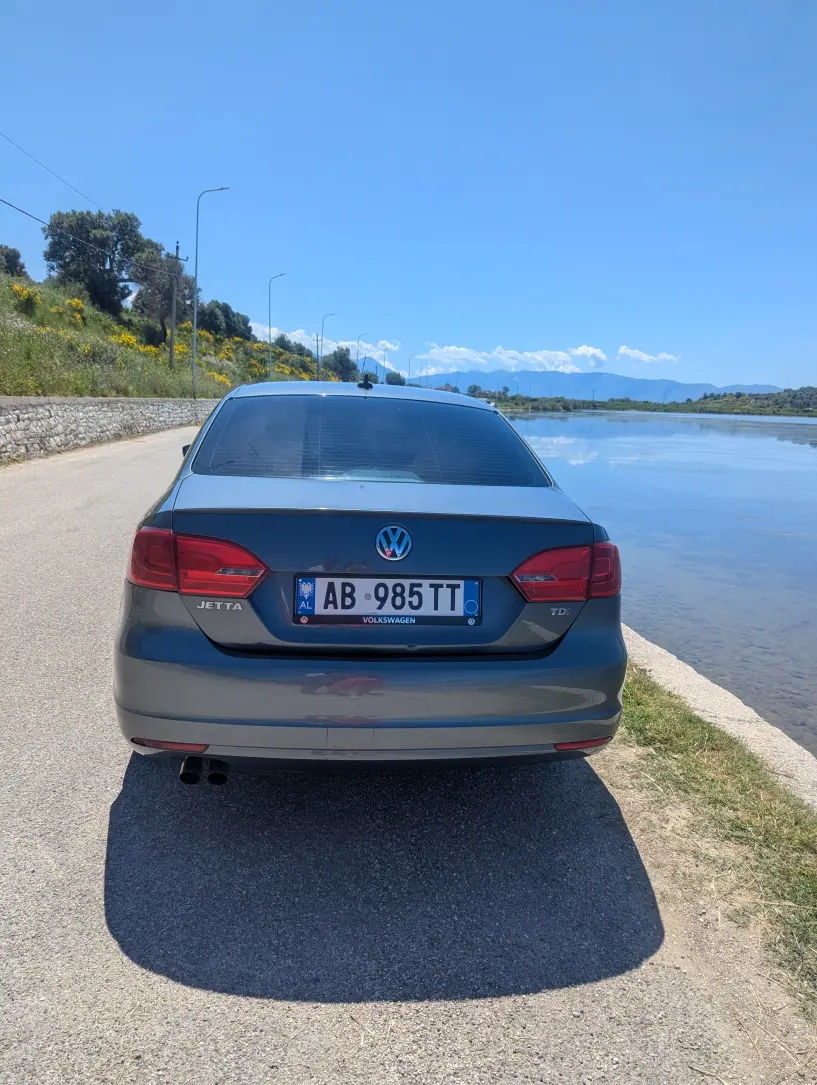 Alquila un coche en Tirana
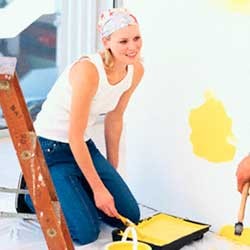 Mengecat Rumah Bak Profesional, Ini Tipsnya!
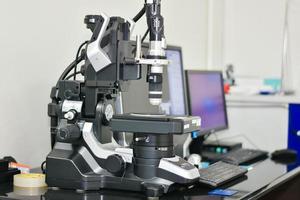 Microscopio para investigación y desarrollo en laboratorios de fábricas industriales. foto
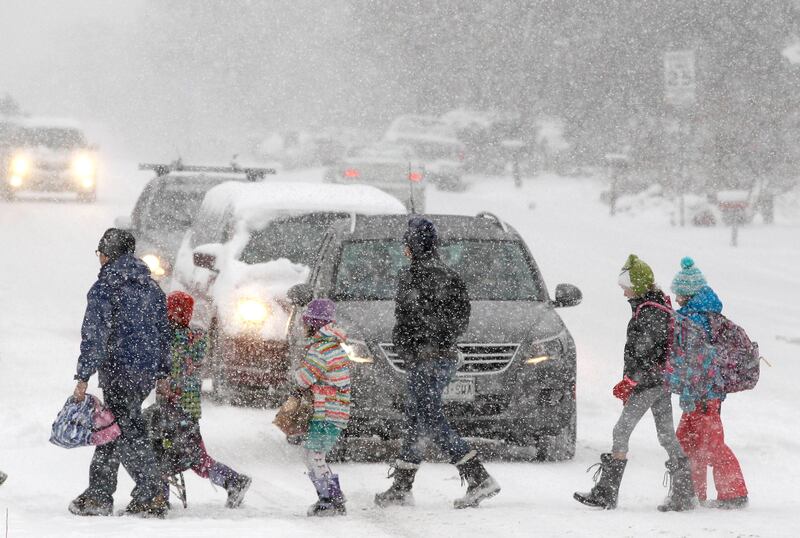 galleries/2012/12/20/blizzard-slams-into-plains-midwest-photos/snow-gal-6_hbtyvh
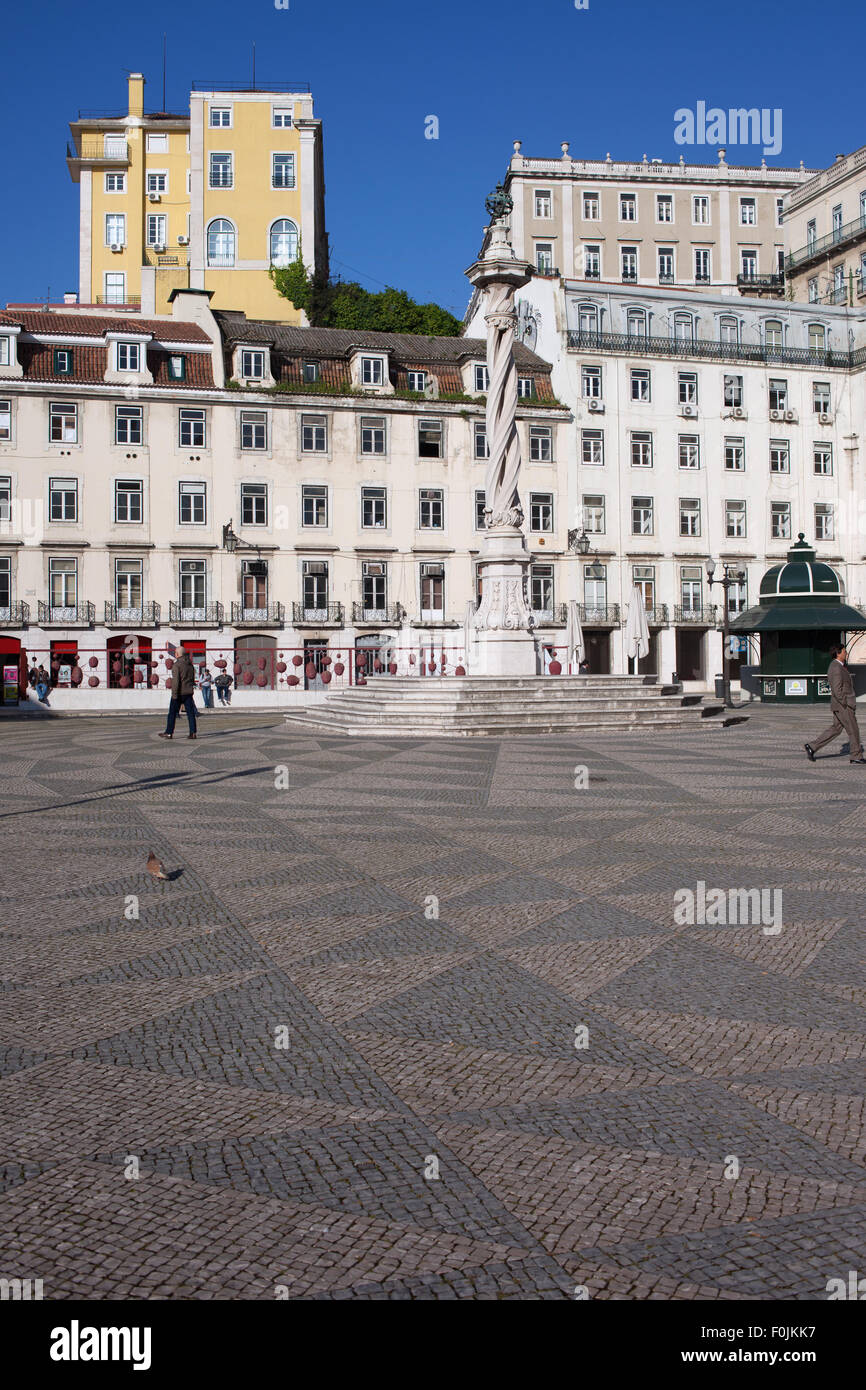 Portugal, Lisbonne, Municipal Square (Portugais : Praca Do Municipio) avec pilier du 18ème siècle appelé pelourinho - pilori Banque D'Images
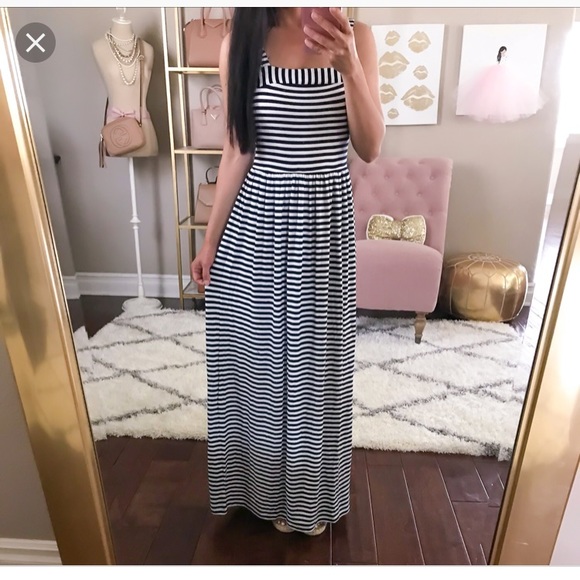 LOFT Dresses & Skirts - Loft striped maxi dress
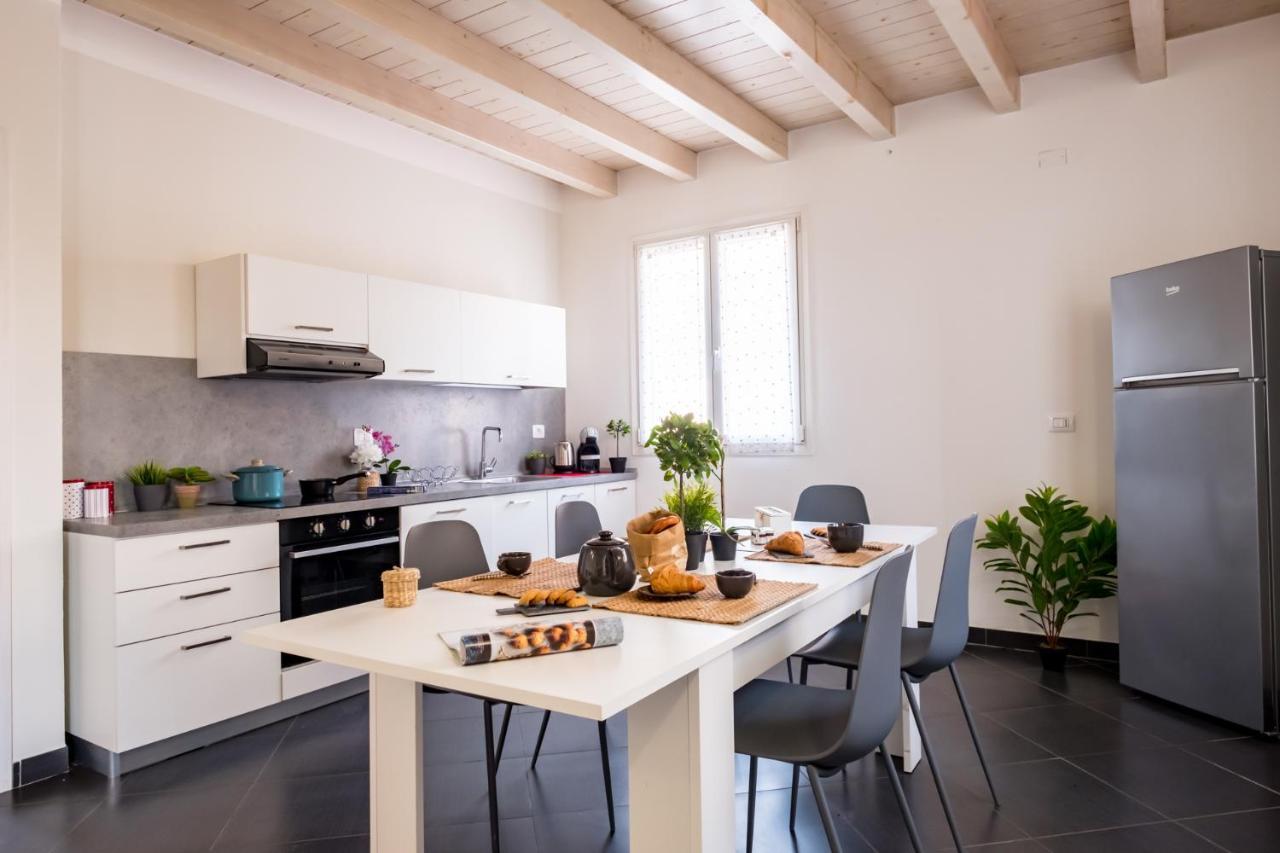 Residenza Gelsomino Apartment Десенцано дел Гарда Екстериор снимка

WHAT YOU WILL DO: A word-for-word copy of all the records above is required, with the pictures left out.

YOUR RESPONSE:
 Alquila un coche en Tirana
 Mengecat Rumah Bak Profesional, Ini Tipsnya!
 Microscopio para investigación y desarrollo en laboratorios de fábricas industriales. foto
 galleries/2012/12/20/blizzard-slams-into-plains-midwest-photos/snow-gal-6_hbtyvh
 Portugal, Lisbonne, Municipal Square (Portugais : Praca Do Municipio) avec pilier du 18ème siècle appelé pelourinho - pilori Banque D'Images
 LOFT Dresses & Skirts - Loft striped maxi dress
 Residenza Gelsomino Apartment Десенцано дел Гарда Екстериор снимка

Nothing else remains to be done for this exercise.